4. Quanto al merito dei fatti, per come accertato dai giudici di merito, essi traggono origine dalle pubblicazioni da parte del Deputato regionale A.M., nei giorni 3 e (Omissis), su alcune testate giornalistiche siciliane, anche pubblicate online, nonché sul proprio profilo facebook, le affermazioni già innanzi richiamate. Emerge, inoltre, anche per quanto dichiarato dallo stesso denunciante, che: A.M. era stato sostituito, nell'incarico di Dirigente generale dell'ASI, - a seguito di commissariamento dell'ente pubblico, correlato a vizi di gestione, - da C.A., nominato commissario straordinario; che lo stesso C., durante il periodo del Commissariamento aveva inviato plurime segnalazioni riguardanti la cattiva gestione della cosa pubblica da parte del suo predecessore; che, a seguito del rinvio a giudizio disposto nei confronti di A. per il reato di abuso di ufficio, questi rese le dichiarazioni incriminate alla stampa, in cui sottolineava di essere stato rinviato a giudizio, pur a fronte di una quantità enorme di
segnalazioni a suo carico, da parte del C., solo per quell'unico reato di cui all'art. 323 c.p.; che, invece, secondo il C., si tratterebbe di affermazione non veritiera, dal momento che, presso la competente Procura della Repubblica erano in corso altre indagini per fatti analoghi, oltre a un giudizio per diffamazione, a carico di A.M.. Secondo la parte civile, sarebbe falsa anche l'affermazione relativa alla passeggiata sul corso principale di (Omissis), a braccetto con una candidata, che il C. avrebbe effettuato il venerdì precedente le elezioni comunali del 2015, perché quel giorno egli si recò a Caltagirone, ove ha sede l'Ufficio periferico dell'IRSAP per un incontro con gli industriali di quella località, mentre giunse a (Omissis) e passeggiò da libero cittadino, a campagna elettorale chiusa, solo il sabato mattina, insieme alla sua amica, di cui ricorreva il compleanno.

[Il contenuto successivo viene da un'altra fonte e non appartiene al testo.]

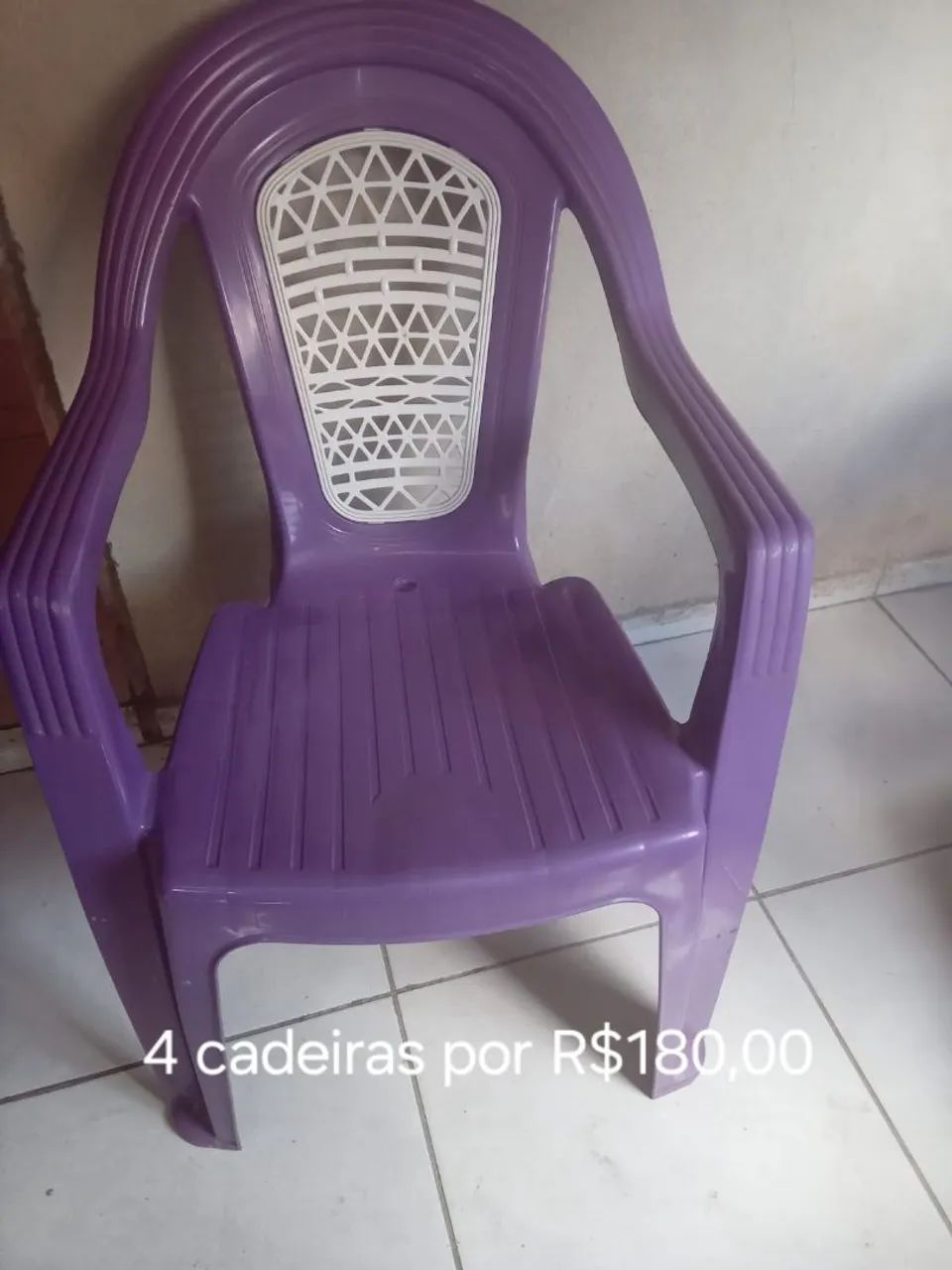 Vende se - Foto 3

Neppure sarebbero giustificate le "farneticazioni" attribuite dall' A. al C., giacché la questione della mala gestio dell'ente pubblico, dalla cui gestione l' A. era stato sollevato, era stata rilevata in provvedimenti del giudice amministrativo e dal Pubblico Ministero nella richiesta di archiviazione formulata in favore del denunciante, per fatti denunciati da A. l'8.8.2013. Sarebbe, inoltre, falso quanto dichiarato nel post di commento del F., circa i favoritismi del C. nelle nomine dell'ASI, durante la sua gestione, in quanto esse seguivano una predeterminata prassi, con intervento della persona offesa solo al momento della firma.

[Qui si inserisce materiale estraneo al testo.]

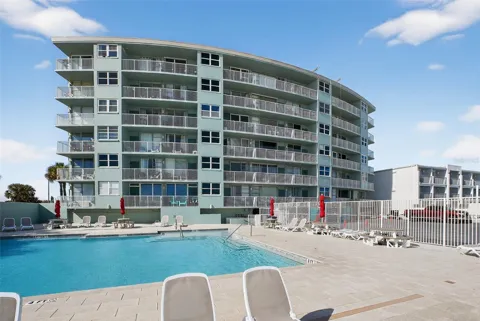 800 ATLANTIC AVENUE #201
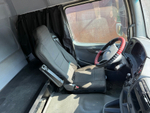 КамАЗ 5490 4x2 Седельный тягач 5490-S5 (Дизельный, 12,0 л, 401 л.с., АТ)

In sostanza, nell'ottica del querelante, condivisa dai giudici di merito, la condotta degli imputati, volta a discreditare e delegittimare il C. davanti alla collettività, denigrandone l'operato e l'attività zelante di denuncia delle gravi irregolarità che riscontrava nei ruoli ricoperti dal 2009, sarebbero state originate dal rancore nutrito dall' A. nei confronti del C. sin dal 2009, quando aveva avviato il procedimento per la revoca del suo incarico di direttore generale del consorzio ASI di (Omissis), nonché dal timore che, dall'estesa e concreta azione di contrasto alle illegalità nell'ambito della gestione del Consorzio, ove l' A. aveva ricoperti, per diversi anni, il ruolo gestionale di vertice (cfr. sentenza di primo grado pg. 14).
5. Così ricostruiti i fatti, risultano manifestamente infondati i motivi, formulati nell'interesse di entrambi i ricorrenti, con i quali si invoca l'inoffensività del fatto, per l'insussistenza dell'offesa. Il carattere denigratorio delle affermazioni incriminate emerge, invece, ictu oculi dall'imputazione: sia laddove si attribuiscono alla p.o. "farneticazioni", sia quando lo si addita come un pubblico funzionario incline a favoritismi nel conferimento di incarichi professionali e, più in generale, a una strumentalizzazione privatistica della cosa pubblica.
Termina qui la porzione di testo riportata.